Les Grecs nous avaient prévenus : dialoguer, c’est « parler entre ». C’est parler « entre personnes » et « entre sujets ». Dialoguer sur « le social », c’est débattre des conséquences dans l’entreprise de ce qui se passe en économie, technologie, finance, politique… C’est chercher une synthèse pour que l’entreprise et ses parties prenantes avancent, ensemble et au mieux. Bien sûr, cette synthèse n’est jamais évidente. Elle dépend de la volonté de dialogue des participants, des problèmes à résoudre et, de plus en plus, de la variété même des interlocuteurs. Ce sont les trois « entre » du dialogue : entre salariés et patrons, entre problèmes, entre types d’entreprises.
La France avance dans le social par le 49-3, avec la loi El Khomri, tandis que l’Allemagne augmente ses salaires de 4,8 % sur deux ans, après quelques escarmouches sociales. Le dialogue social allemand vient de valeurs partagées et d’une armature industrielle forte. Cela permet des investissements à long terme, grâce à une vraie pratique d’échanges et de recherche de solutions, entre un syndicat patronal (BDI) et un syndicat salarié (IG Metall). Notre dialogue social reflète une société idéologiquement opposée, une industrie fragile, des filières discontinues, des services importants et variés.
Discuter en France, c’est donc une autre affaire. D’abord, les syndicats de salariés viennent en large part du secteur public (SNCF, EDF, La Poste, RATP…) et de grandes entreprises. Ils signent pour des entreprises bien plus petites où, souvent, ils ne sont pas présents. Ensuite, la France est un pays où l’industrie représente aujourd’hui 11 % de valeur ajoutée, contre 20 % en Allemagne. La France a une colonne vertébrale industrielle deux fois plus faible que l’allemande, avec plus de services. La diversité y est plus forte. Il n’est jamais facile de dialoguer quand l’idéologie s’en mêle, moins encore quand les interlocuteurs représentent un si large spectre de situations. C’est là notre problème. Et si c’était notre chance, dans le monde actuel ?

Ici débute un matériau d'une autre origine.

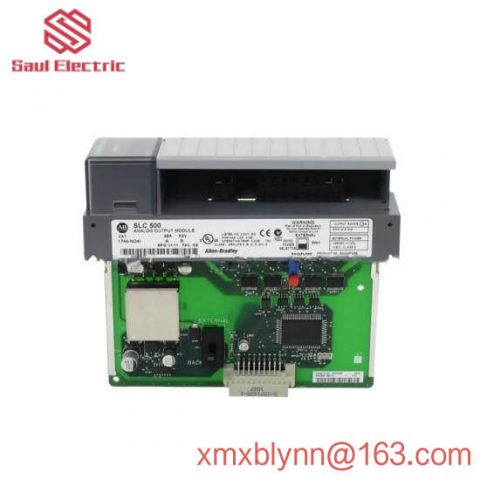Allen-Bradley 1746NO4I, SLC 500 Analog Output Module, 4-Channel, Non-Isolated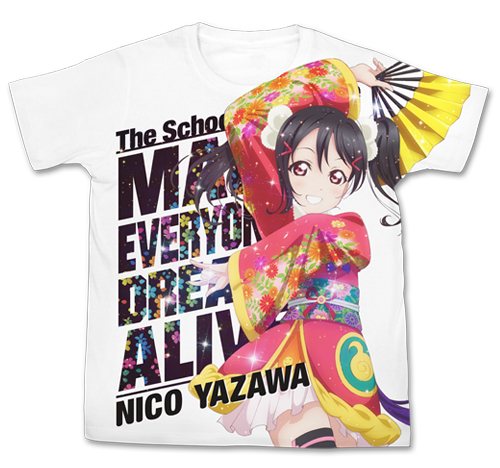 劇場版 矢澤にこフルグラフィックTシャツ [ラブライブ！The School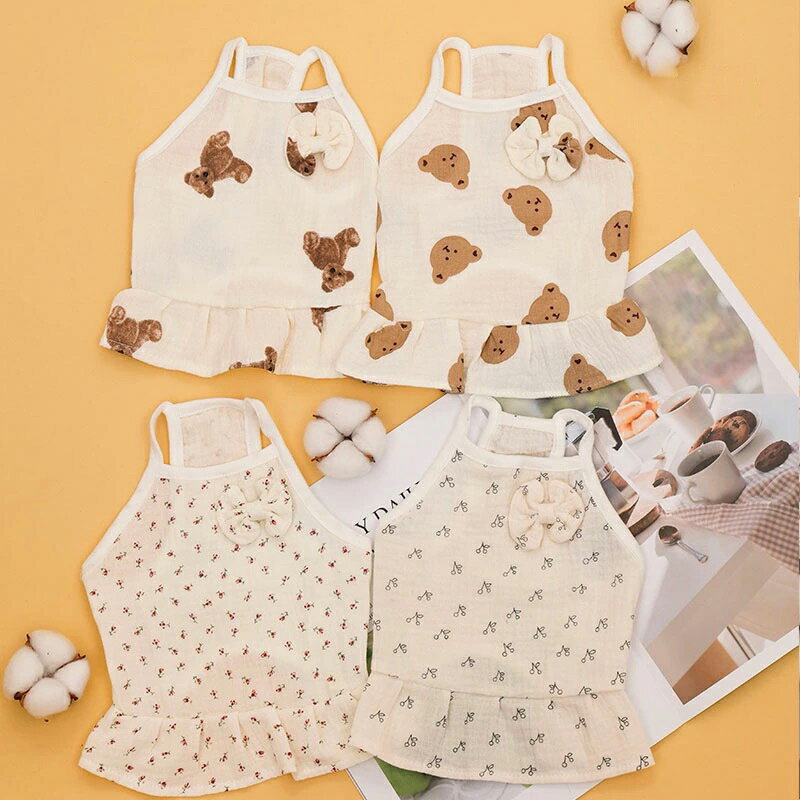 犬服ドッグウェア ワンピース キャミワン フレンチブルドッグ 服 犬服 犬の服 秋冬 女の子 犬服 おしゃれ ペットドッグウェア 猫 小型犬 中型犬 ペット用 おしゃれ 可愛い インスタ映え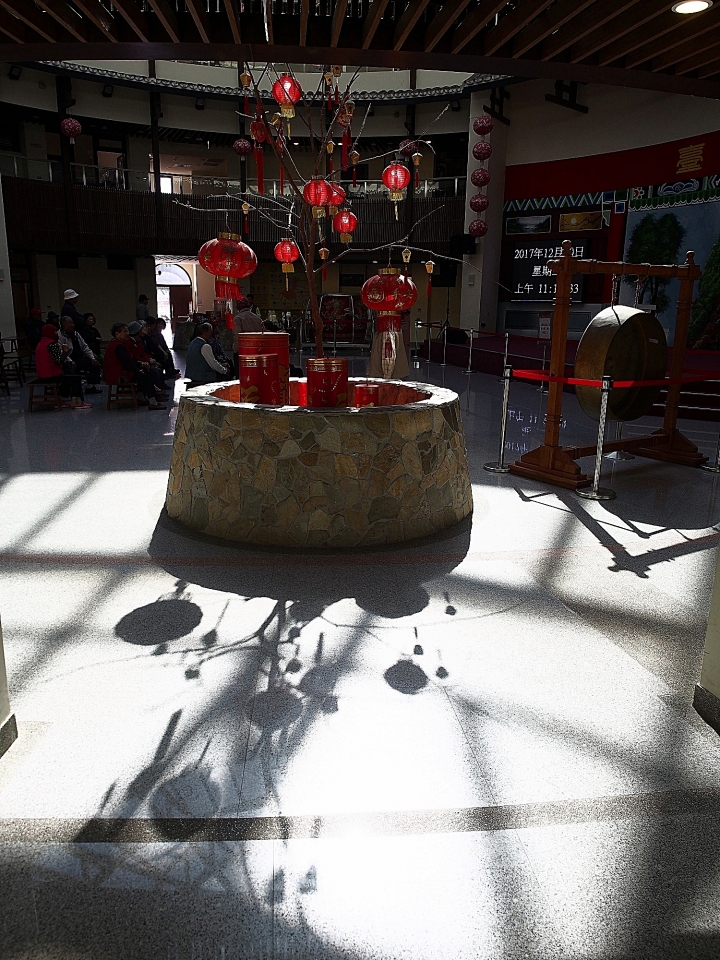 苗栗 後龍 客家圓樓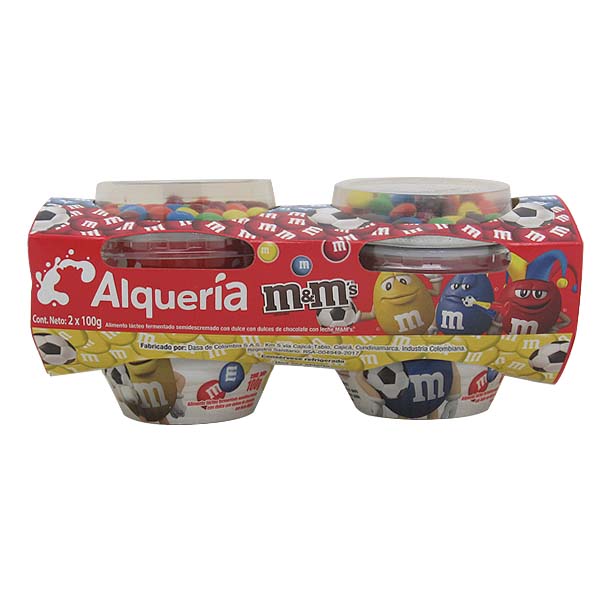 Yogurt Nutrikids Cuchareable 2 Unidades 200Gr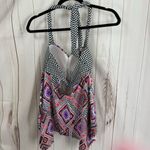 Swimsuits for All Women’s 8 Patterned Tankini Swim Top Photo 1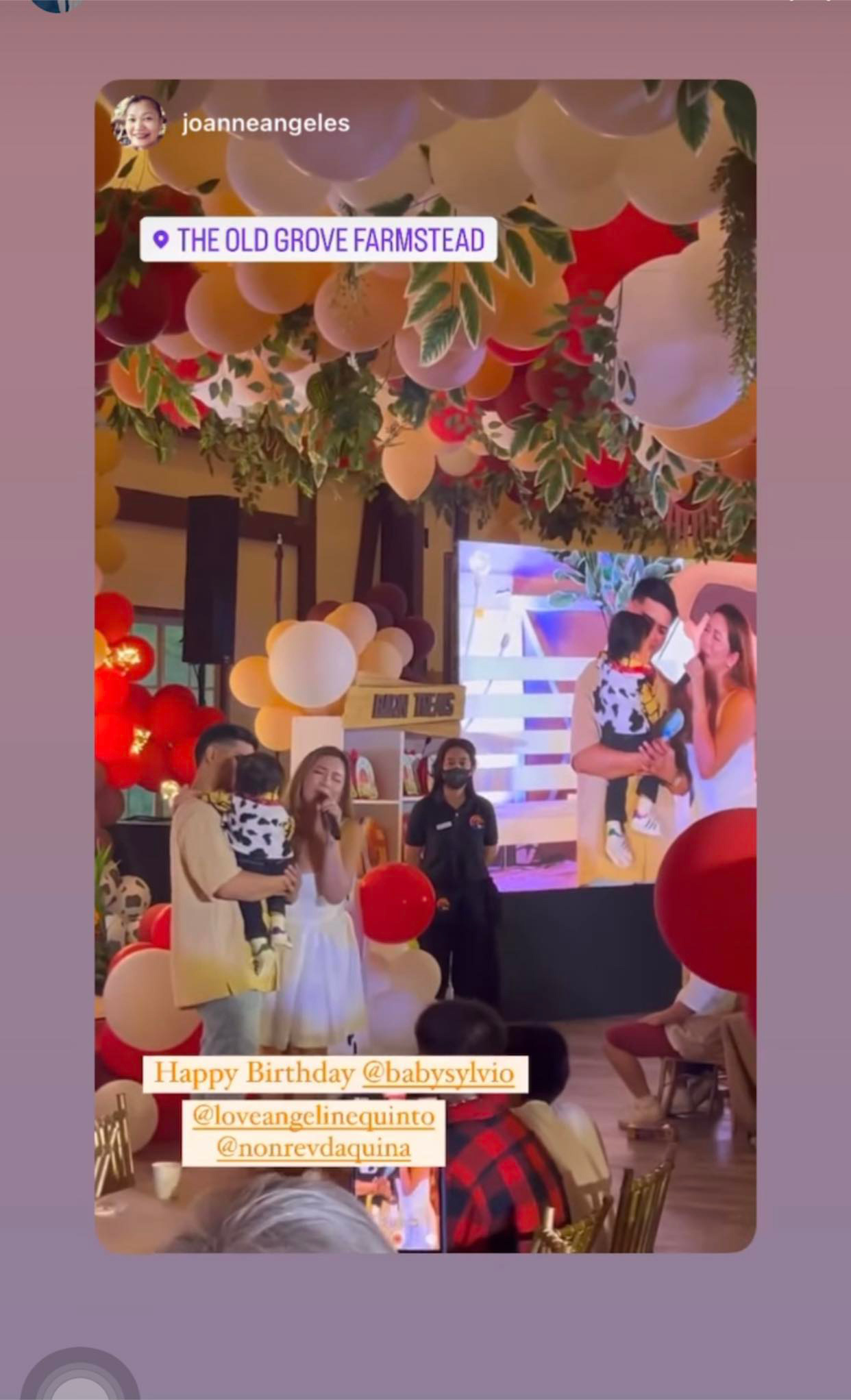 Angeline Varona Birthday Celebration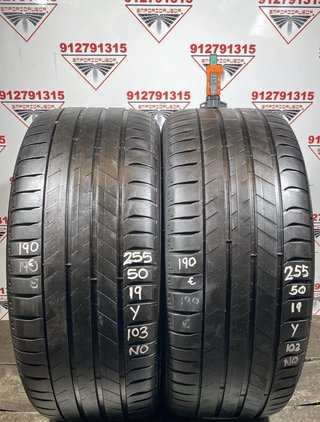255 50 19 Y MICHELIN RUEDA AL 90% VIDA UTIL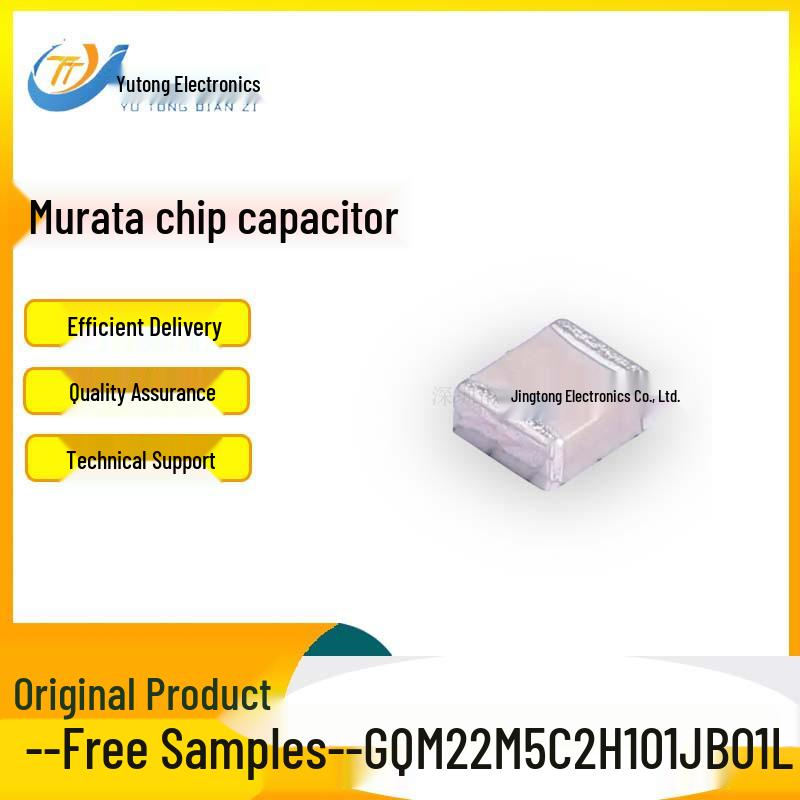 

Murata Ceramic Chip Capacitor GQM22M5C2H101JB01L 1111, 100pF, C0G, 500V, 5%.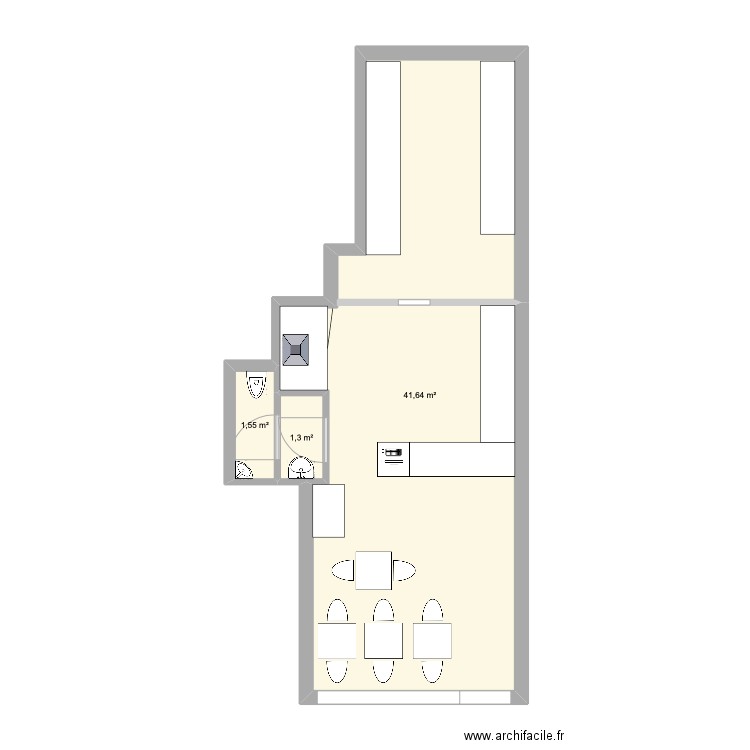 PLAN DE COUPE. Plan de 0 pièce et 0 m2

C’est parce que l’économie française est moins industrielle et plus servicielle, avec beaucoup de PME et de TPE, que le dialogue social doit se tenir au niveau de l’entreprise. C’est pourquoi l’« inversion des normes » est si importante dans la loi El Khomri. Dans la « hiérarchie des normes » actuelle, la loi régit le Code du travail. Elle détermine ainsi, avec les accords de branche, les « avantages acquis » : on peut faire plus dans l’entreprise, mais pas moins et, surtout, pas différent. « L’inversion des normes » veut traduire, dans la loi, ce qui se passe actuellement dans l’économie. Les carnets de commandes y sont plus instables, la pression sur les prix plus forte. Seule l’innovation permet de trouver des solutions adaptées à ces nouveaux besoins, mais il faut plus de souplesse.
Dialoguer, c’est admettre que notre monde change et en accepter l’incertitude. C’est discuter des problèmes au niveau de l’entreprise, face aux technologies et aux désintermédiations qui chamboulent tout, pour s’adapter et rebondir. Alors, la diversité de nos entreprises et de nos services n’est plus un handicap, mais une richesse. « Inverser les normes », c’est reconstruire le dialogue social à partir de la variété de nos situations, au plus près des gens, dans une confiance mieux partagée.